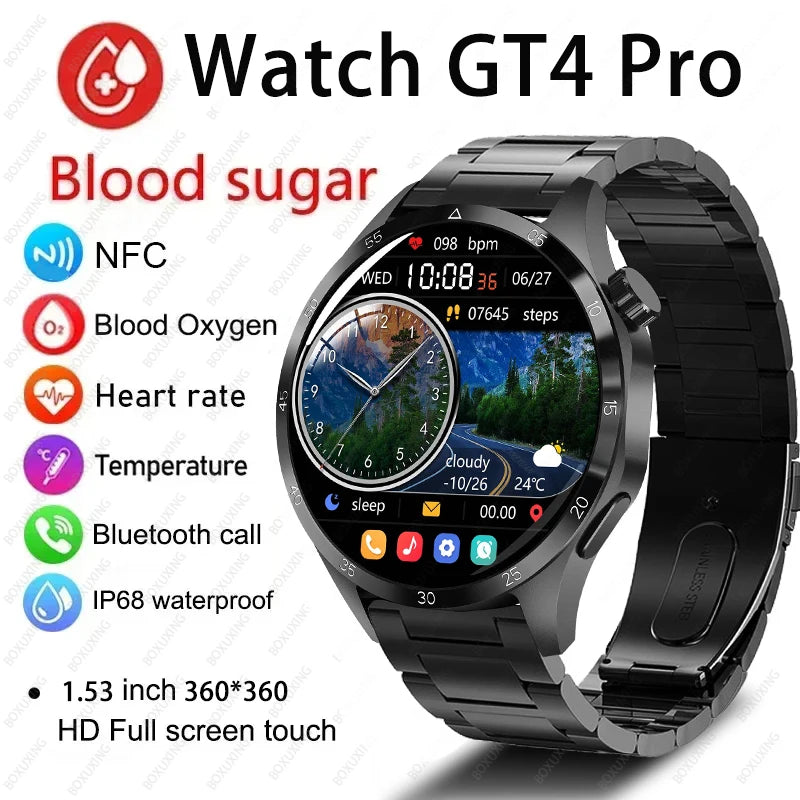 Reloj Inteligente- Smartwatch GT4 - 2 Pulseras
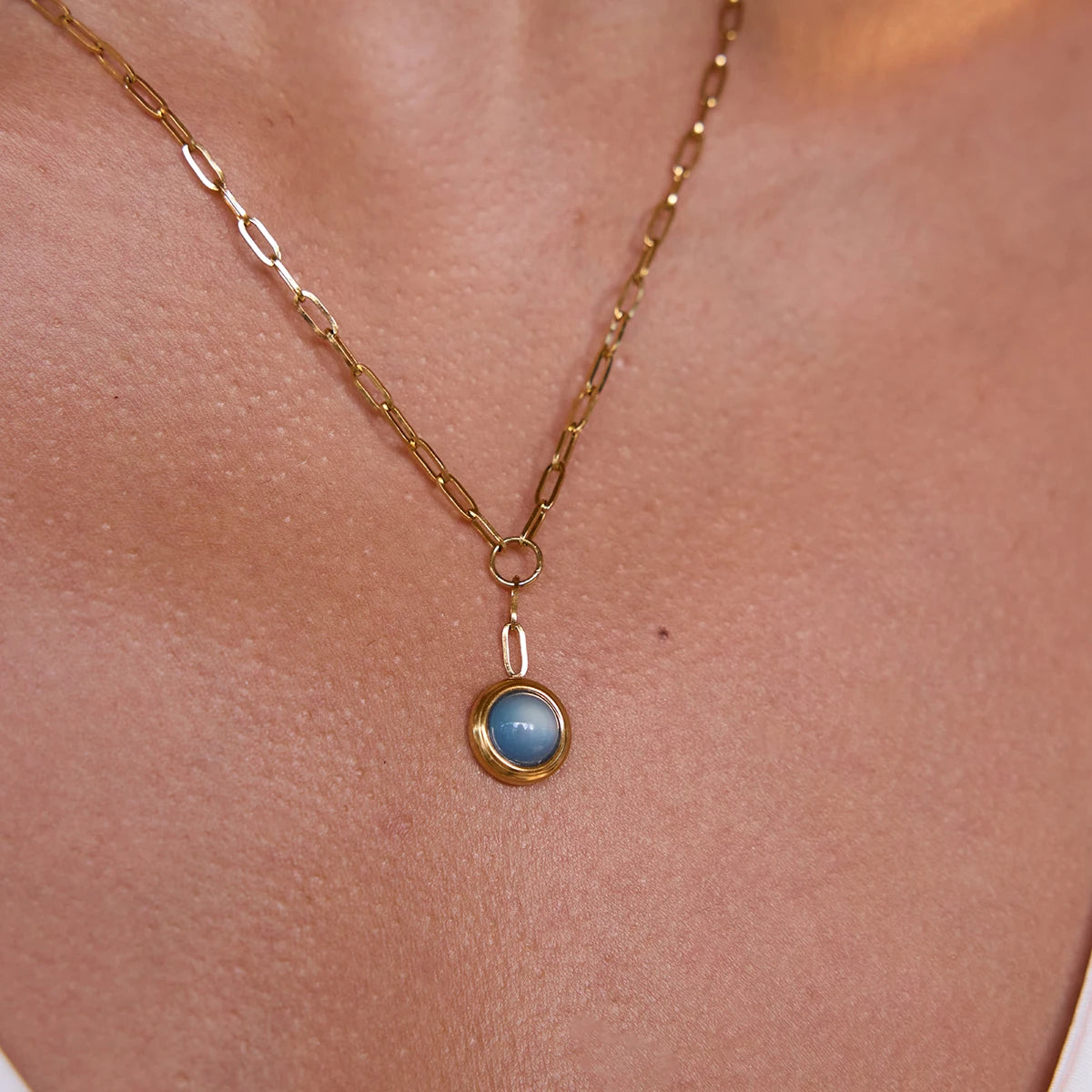 Collar Serie Ecuestre 2 Piezas - Dorado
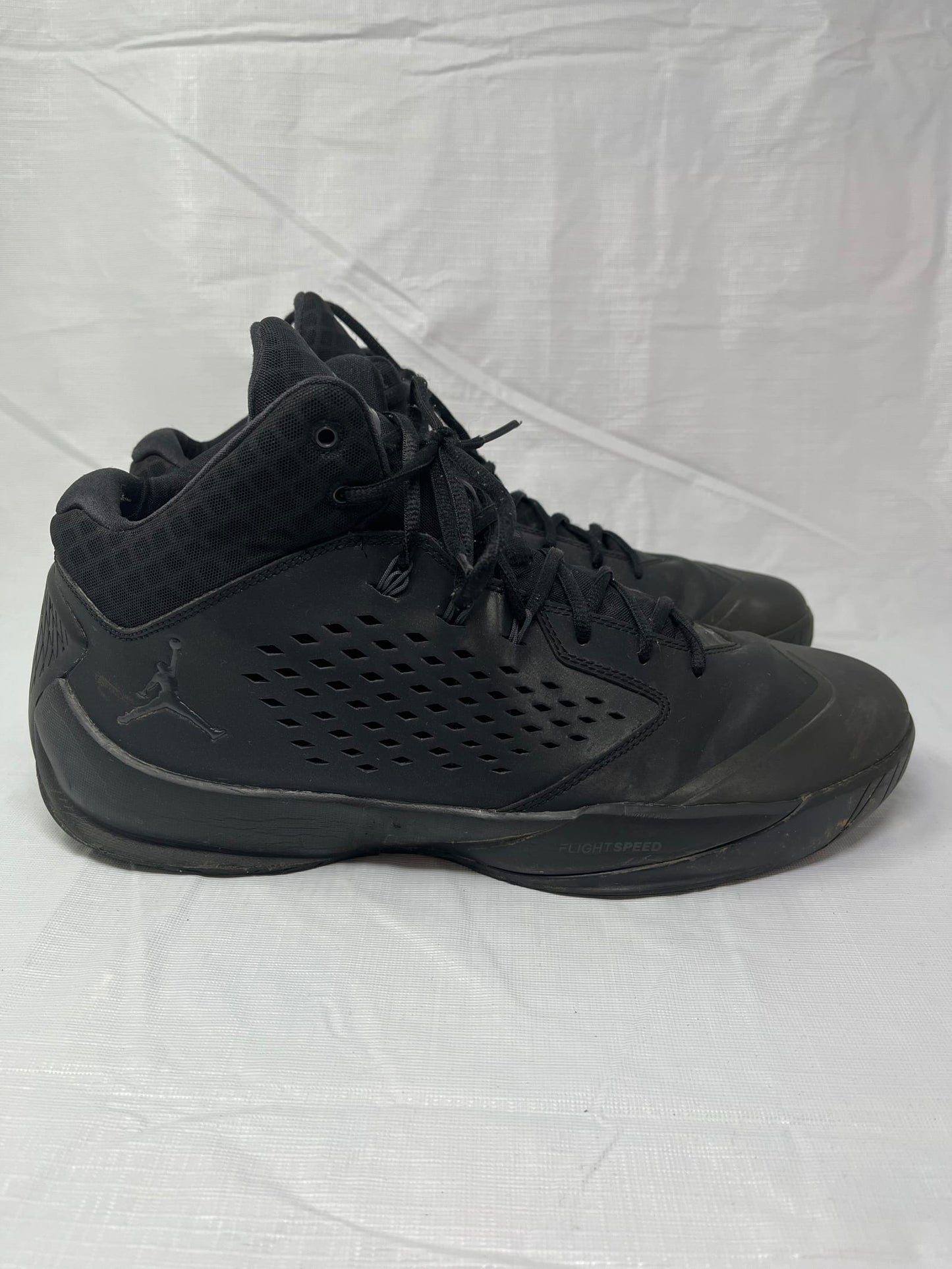 Air Jordan Rising Flight High Sneakers 768931-003 Mens Size 13 Black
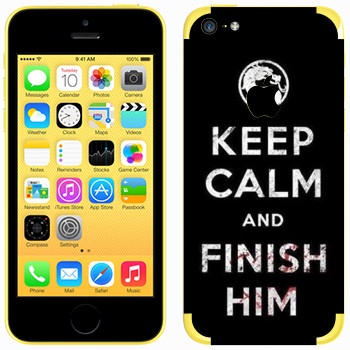   «Keep calm and Finish him Mortal Kombat»   Apple iPhone 5C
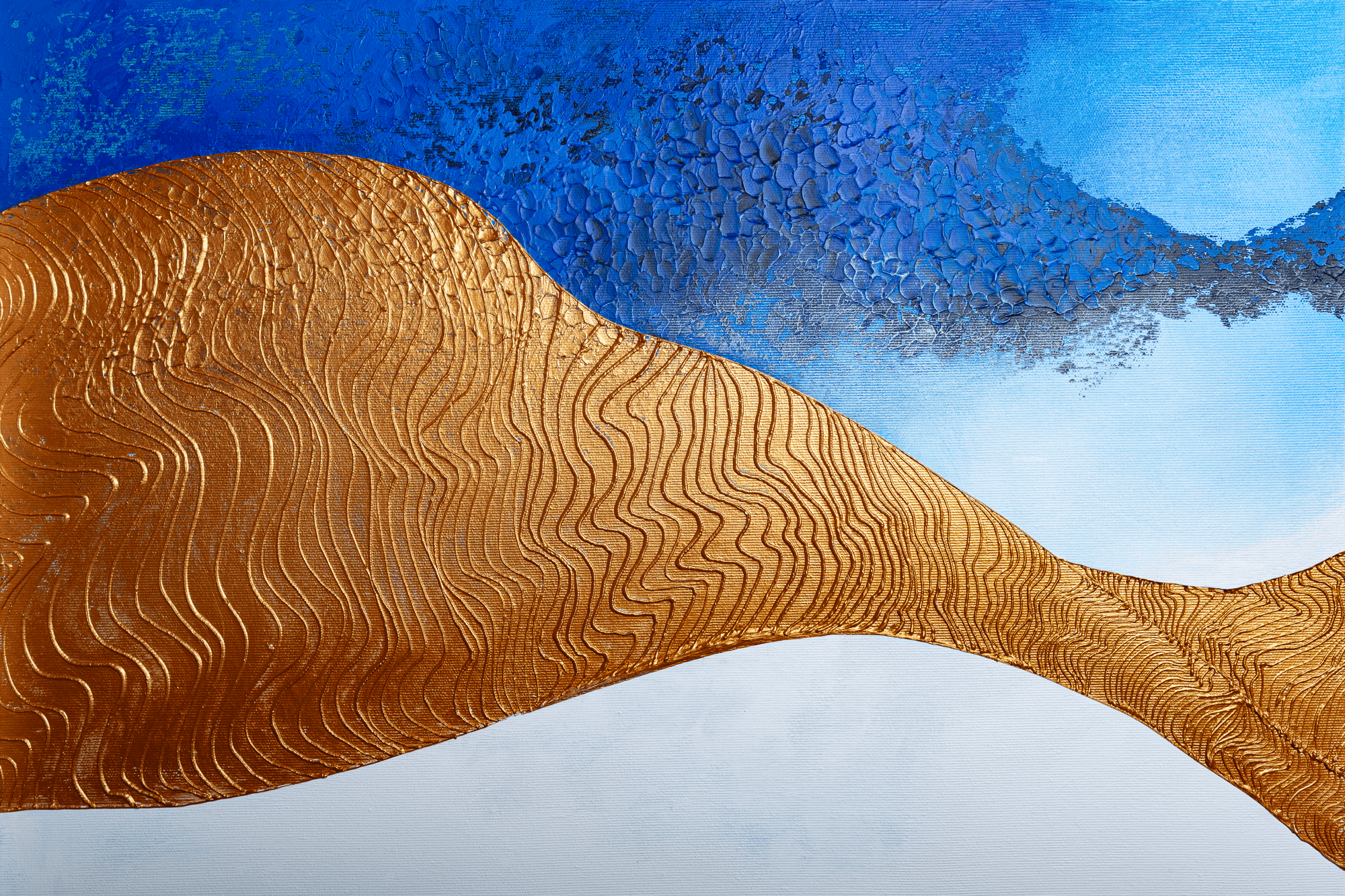 Obraz na płótnie Przełęcz indygo szeroki 90×60 cm, płótno standard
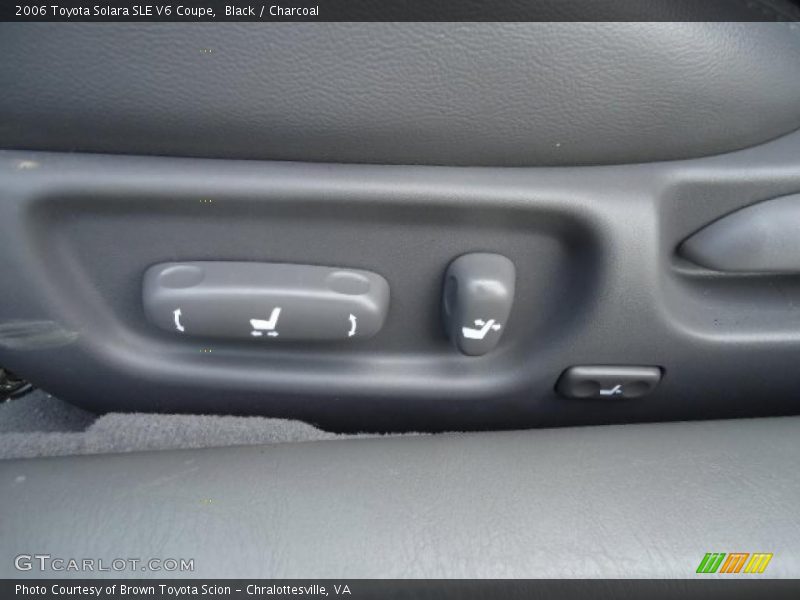 Black / Charcoal 2006 Toyota Solara SLE V6 Coupe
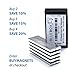 Super Strong Neodymium Bar Magnets | 60 x 10 x 4 mm | Pack of 10 | Powerful Rare Earth Magnet Bars | Strong, Anti-Rust, Magnets for Fridge, Classroom, Office, Hanging Tools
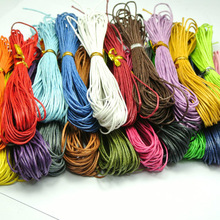 20 Strengen Gemengde Kleur Waxed Cotton Kralen Cord 1Mm Voor Armband Ketting 20 Kleur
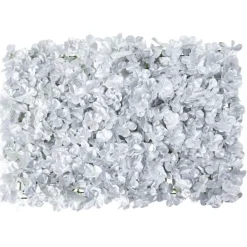 Decostar™ Silver Artificial Flower Mat 24"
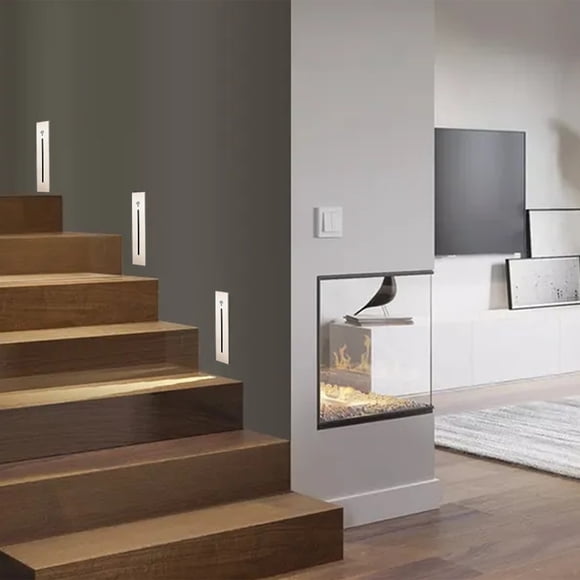 Boovnll Led Step Lights Stair Wall Lamp 3 W, for Indoor Stairs Decks Steps Door Side Hallway Doorway Paths Lighting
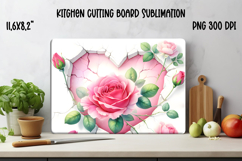 Flower kitchen board | Daisy glass board | Cutting board Product Image 1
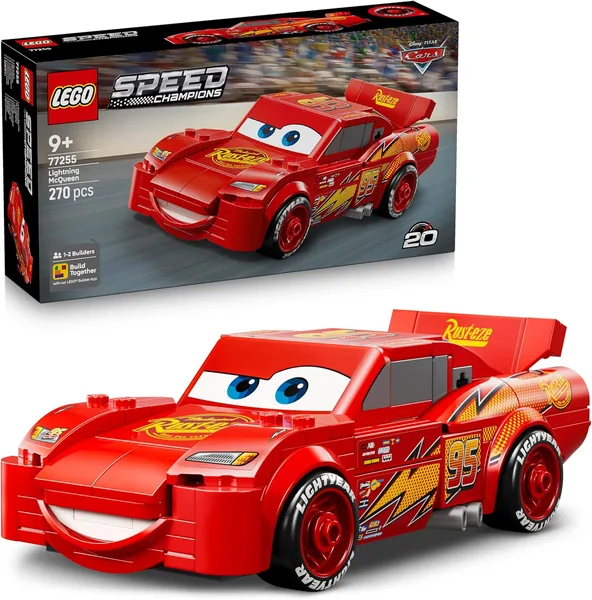 LEGO Speed Champions | Flash McQueen – Voiture de Course Jouet – Modèle Collectionneur – Cadeau Disney pour Garçon ou Fille à partir de 9 Ans et Plus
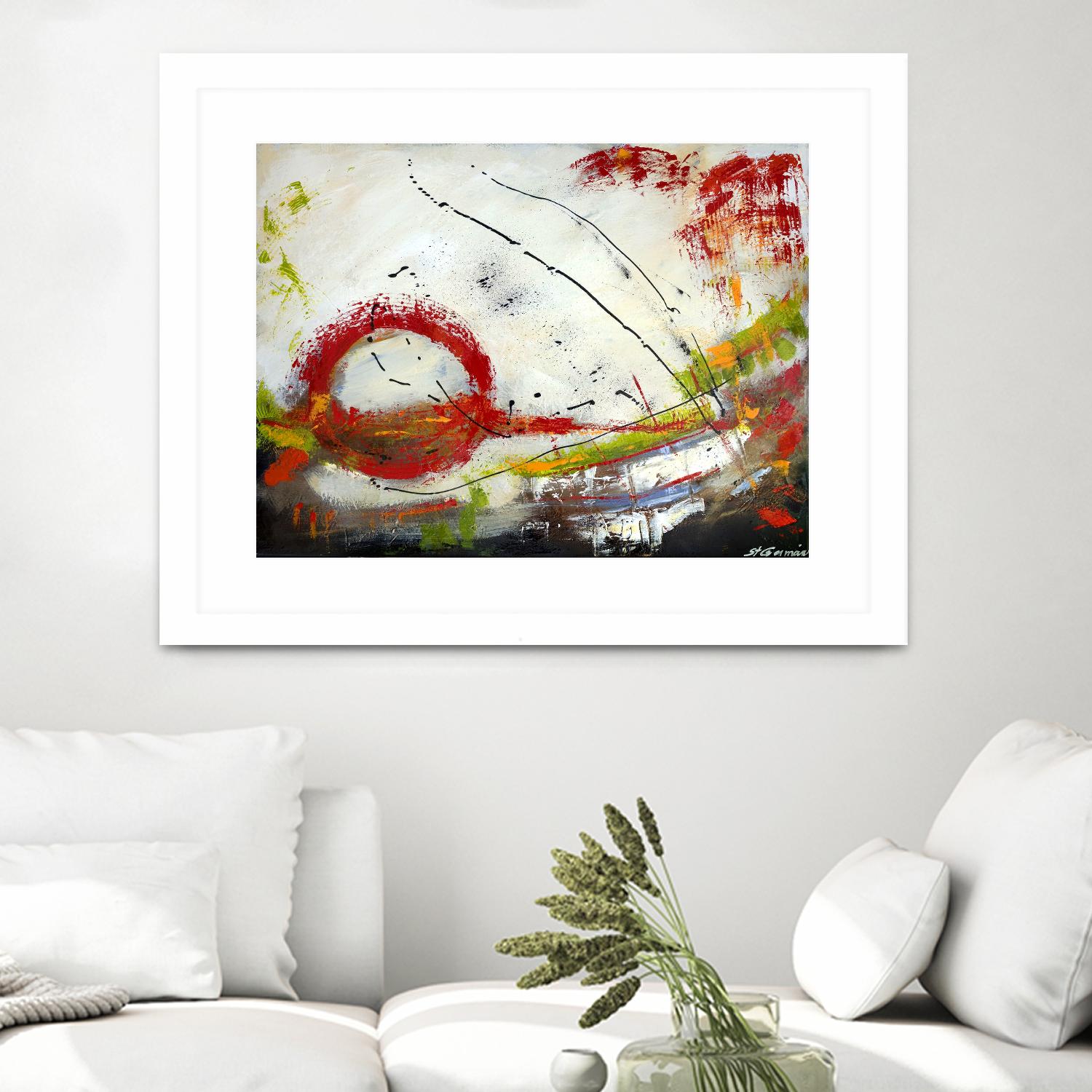 Intense by Carole St-Germain on GIANT ART - red abstract quebec artists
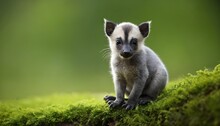 Lemur On The Grass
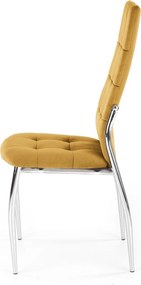 Krzesło z tkaniny velvet bez podłokietników K416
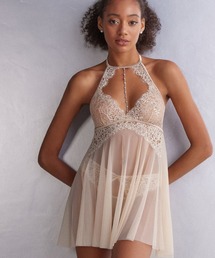 Intimissimi（インティミッシミ）の「Living in Luxe チュール＆レース ベビードール（インナーウェア/肌着・レディース）」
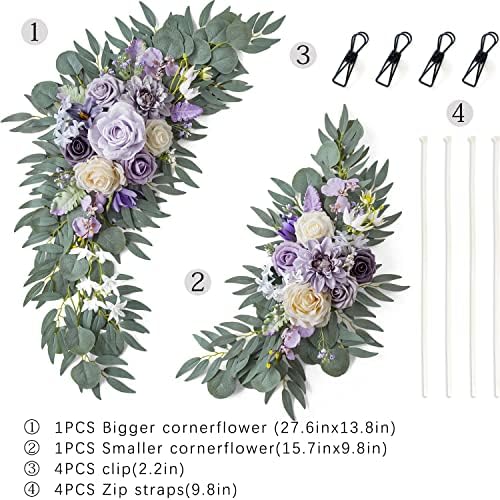 ponatia Artificial Wedding Arch Flowers Set of 2 - Image 4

● **EXERCISE OBJECTIVE**: Take the line containing "Flower kitchen board" as the first line and the last line of the data above as the final one, and output exactly the lines between them, inclusive, with no pictures.

● **RESULT OF THIS TASK**:
 Flower kitchen board | Daisy glass board | Cutting board Product Image 1
 LEGO Speed Champions | Flash McQueen – Voiture de Course Jouet – Modèle Collectionneur – Cadeau Disney pour Garçon ou Fille à partir de 9 Ans et Plus
 Intense by Carole St-Germain on GIANT ART - red abstract quebec artists
 Lemur On The Grass
 Krzesło z tkaniny velvet bez podłokietników K416
 Intimissimi（インティミッシミ）の「Living in Luxe チュール＆レース ベビードール（インナーウェア/肌着・レディース）」
 ponatia Artificial Wedding Arch Flowers Set of 2 - Image 4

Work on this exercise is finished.